At times even she finds it laughable.
Winter’s hard for her, and summer’s worse.
Go ahead, laugh,
a mimosa, you could say,
a bird that can’t fly;
there are lots of things you could say.
She’s always wrapping herself in something, and then she chokes,
a checkered skirt or sometimes something else.
Why, you ask, does she wrap herself up to the point of choking?
These things are complicated.
It’s the cold of winter and the impossible heat of summer,
it’s never quite what you want.
And by the way, don’t forget: she’d like some vanilla.
Now she’s crying.
Give her vanilla.
If the subject of this poem were American, the metaphor for white, obliterating succor would be snow (it is impossible to pick up an American anthology of poetry without noticing how much snow blankets the poems of Robert Frost and Emily Dickinson), but in Ravikovitch’s case the white substance is vanilla. And yet: vanilla is a flavor, not a substance. How to interpret this? The woman has become baby-like in her state of inanition: “Now she’s crying. / Give her vanilla.” She needs to be soothed, and we are almost invited to imagine the white, lulling substance of soothing as mother’s milk.
But mother’s milk is also the primal emblem of connection; and it is that connection that the speaker truly hungers for. If this world, as the Jewish ethical tradition of Mussar teaches us, is olam ha-yedidut (the world of friendship), then isolation goes counter to our most basic nature. We are, as the poem has it, “a bird that can’t fly.”
Doubt and Despair: Hayim Nahman Bialik
The image of a forsaken bird also appears in our next poem, “Alone” by Hayim Nahman Bialik (1873-1934).
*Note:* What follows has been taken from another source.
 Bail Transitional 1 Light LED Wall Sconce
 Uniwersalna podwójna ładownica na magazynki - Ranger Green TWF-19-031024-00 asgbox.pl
Sometimes translated as “By Myself,” the title “Levadi” is actually a possessive—my alone, a claimed state. And while sharing the anguished mood of “Portrait,” in contrast to Ravikovitch’s ironic interrogation, Bialik’s tone is elegiac:
Alone, Hayim Nahman Bialik
Translated by Ruth Nevo
Wind blew, light drew them all.
New songs revive their mornings.
Only I, small bird, am forsaken
under the Shekhina’s wing.
Alone. I remain alone.
The Shekhina’s broken wing . . .
(Read the full poem here.)
The standard reading of this poem is of a lament for the Haskalah (Jewish Enlightenment), which had emptied the traditional edifices of Judaism. As a boy hides in an abandoned House of Study, only the Shechinah (the feminine Divine), a woefully degraded presence in this new world, shelters the boy and shares his agony.
And yet the situation is not so straightforward. The Hebrew meter is not as controlled as it first appears, and while the first four stanzas end in periods, the last two end in a more ambiguous ellipsis and an em-dash. The pained, Romantic voice of Bialik is not as decisive in its choice (tradition vs. modernity)—or as comfortable in its surroundings—as it first seems.
In the isolation of social distancing you may be experiencing a kind of personal growth and expansiveness or a primal, child-like hunger or a combination of despair and doubt. Or perhaps all three by turns. But whatever your experience, reading these classic Hebrew poems offers us three resolutely different ways of coping, and reminds us that in a larger sense, we’re not alone.